▶ _What the exercise asks_
Here the job is to transcribe the data verbatim while leaving each picture out.
++++++++++
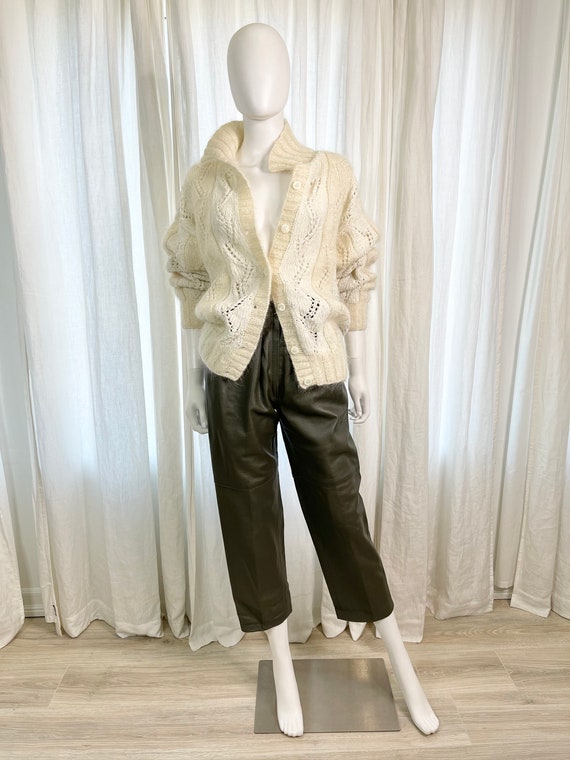 Vintage green leather pants.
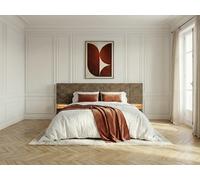 Lit coffre ALOE avec tête de lit capitonnée chevets et LED intégrées marron 140x200 BOBOCHIC 140x200 Marron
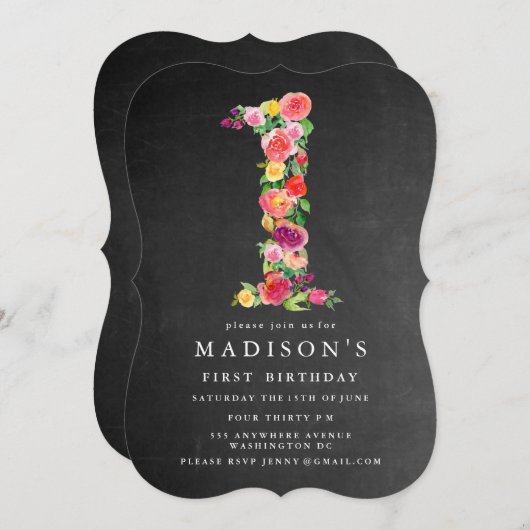 水彩シャルボードガールズ1st誕生日招待状 招待状 (正面/裏面)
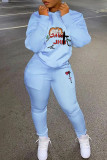 Blue Casual Print Patchwork Zipper Collar Long Sleeve Two Pieces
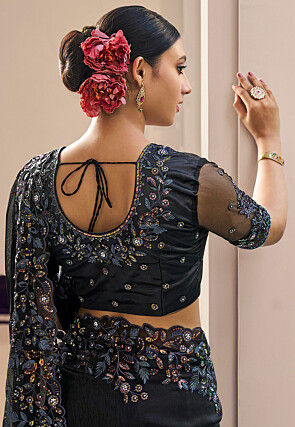Embroidered Organza Saree in Black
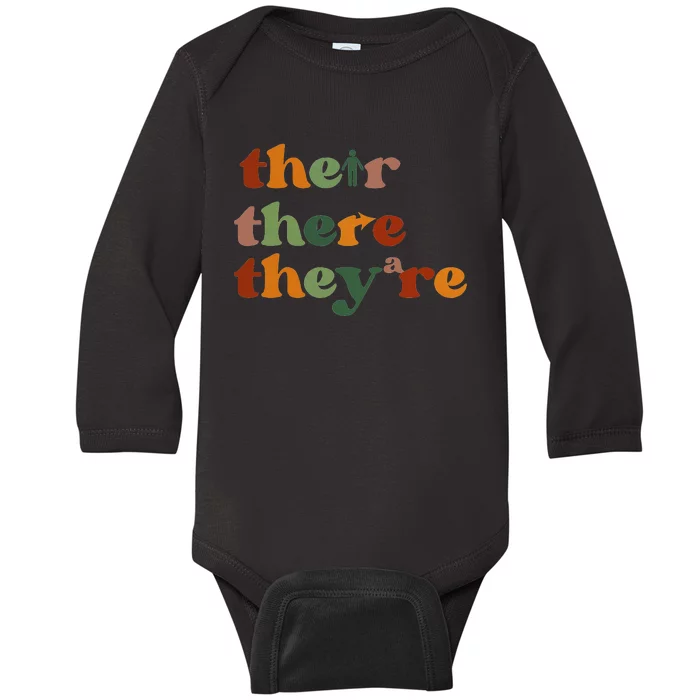 Their There They’Re Grammar Baby Long Sleeve Bodysuit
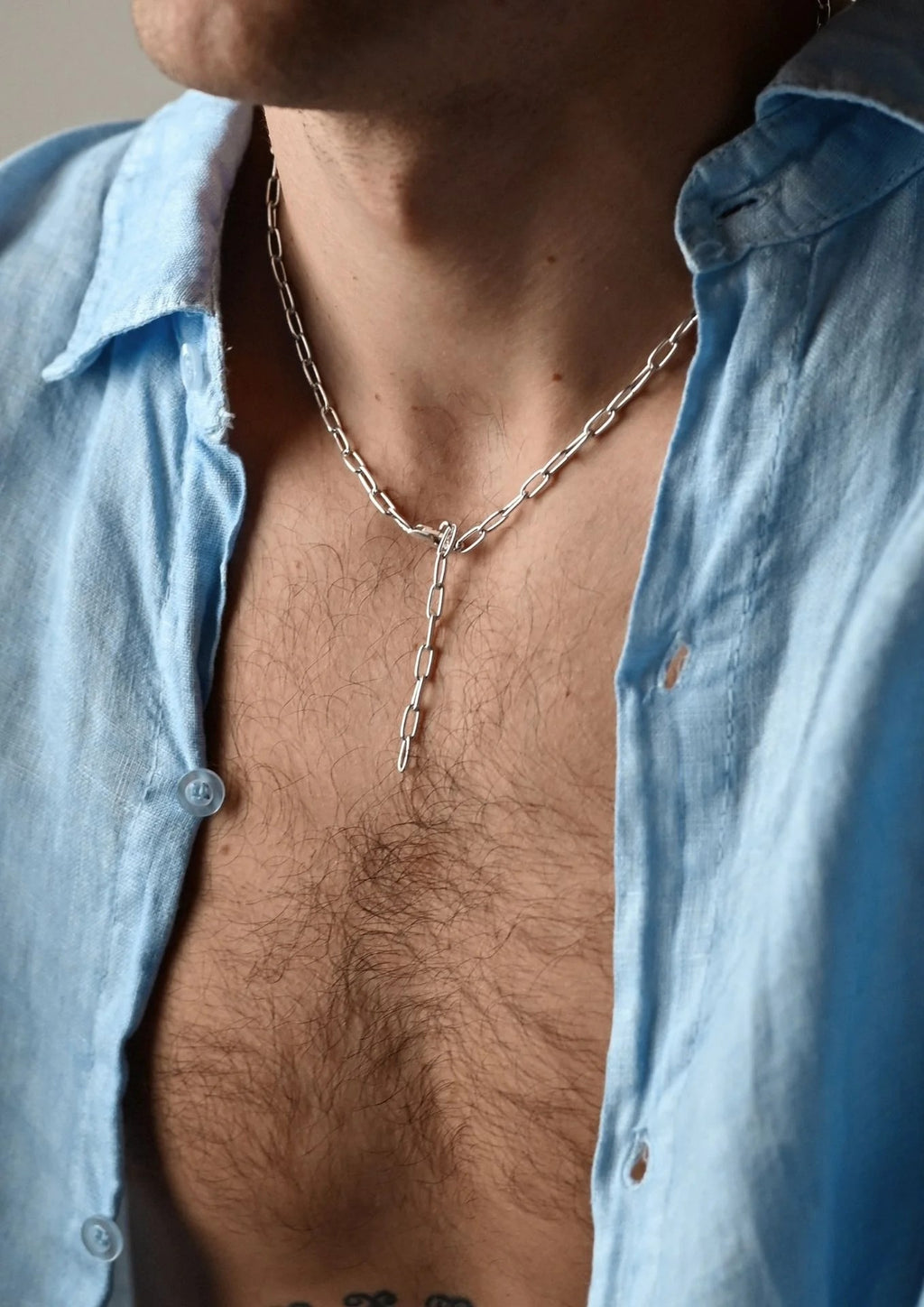 Paper Clip Y-Necklace Silver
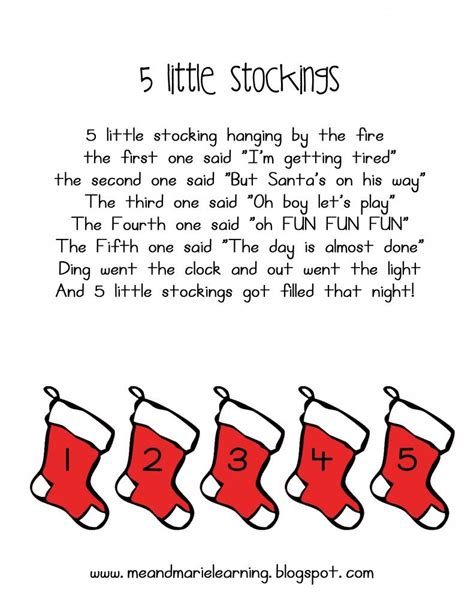5 Little Stockings Christmas Poem Holidays Around The World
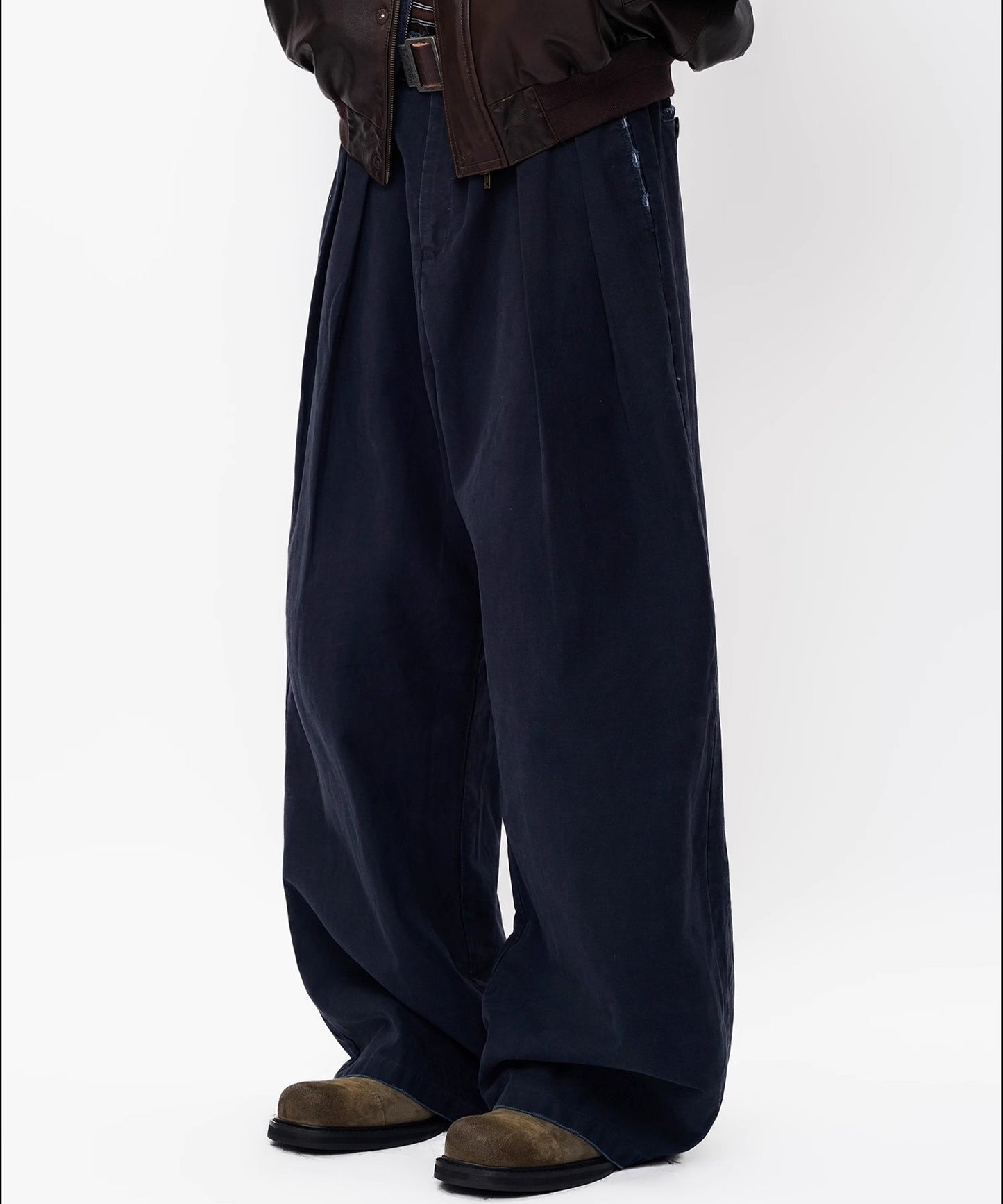ルーズフィット ダブルプリーツ コットンワークパンツ XXK4359【MASONPRINCE】【2025AW】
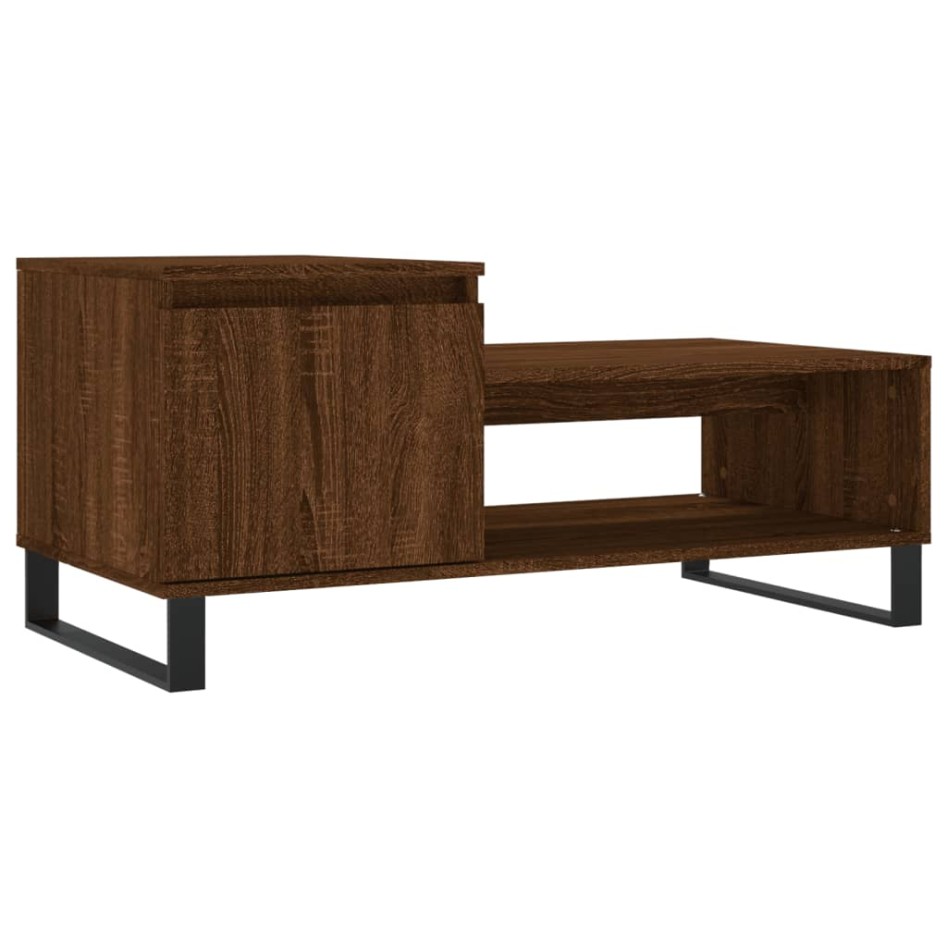 Mesa de centro madera contrachapada roble marrón 100x50x45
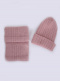 Gorro y bufanda canalé Niño-Niña (3-8 años) Rosa Palo Rosewood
++++++++++
▶ _Written answer_
 Vintage green leather pants.
 Lit coffre ALOE avec tête de lit capitonnée chevets et LED intégrées marron 140x200 BOBOCHIC 140x200 Marron
 水彩シャルボードガールズ1st誕生日招待状 招待状 (正面/裏面)
 Blue Casual Print Patchwork Zipper Collar Long Sleeve Two Pieces
Embroidered Organza Saree in Black
 Their There They’Re Grammar Baby Long Sleeve Bodysuit
 Paper Clip Y-Necklace Silver
5 Little Stockings Christmas Poem Holidays Around The World
ルーズフィット ダブルプリーツ コットンワークパンツ XXK4359【MASONPRINCE】【2025AW】
 Mesa de centro madera contrachapada roble marrón 100x50x45
 Gorro y bufanda canalé Niño-Niña (3-8 años) Rosa Palo Rosewood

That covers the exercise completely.